When the church was built five years ago, the Stations were brought from the old church in the town as a symbol of continuity. The silver-plated bronze castings, probably of French or Spanish origin, mounted on wooden crosses, are held in great affection by many in the parish community: no-one seems certain, but some think that the late Fr Robert McCormick ' better known as Father Mac ' made the wooden crosses himself during his time as parish priest.
Now hanging in a much bigger church, parishioner Richard Poole thought the Stations should have more prominence. "They were looking a bit tired, and really needed enhancing," he said. "I realised how beautiful they would look if they could incorporate the same stone used to make the altar."

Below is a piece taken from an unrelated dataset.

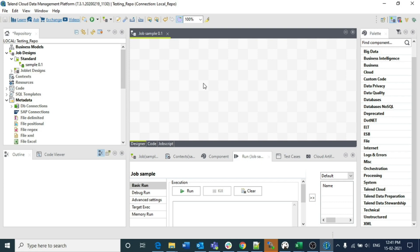Normally, whether it is tFileInputXML, tFileInputJSON, or tFileInputDelimited, we need to have some type of identification to split the record. In the case of delimited, we need a delimiter to split the columns in a single record. If it is XML, you identify separate tags; if it is JSON, you need to identify the loop and the exact JSON query.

Richard, a retired creative director, showed some drawings to parish priest, Fr David Bagstaff. Given the go-ahead, he set about finding local craftspeople to carry out the restoration and new stonework. Peter Hall, a metal finisher from Finningham, restored the bronze castings and applied new silver plate; Peter Dunsmore, who designed and built all the oak seating in the church, made new crosses ' the old ones having disintegrated, and Paul Blake, master stonemason at Watton-based H Brett and Son, made the new stone crosses on which the wooden ones are mounted.
Fr David is delighted with the result: "The restored and enhanced depictions of Jesus’s journey to Calvary, leading to the great promise and hope of Easter, are beautiful and contemporary to our church building. They should be a great aid to our prayer, which embraces both word and the visual. We will be praying the Stations of the Cross each week during Lent, at varying times to enable as many people as possible to take part."
Pictured top is master stonemason Paul Blake with the Stations ready to be hung on the walls of the church and, above,Fr David with parishioner Richard Poole in St Henry Morse, Diss.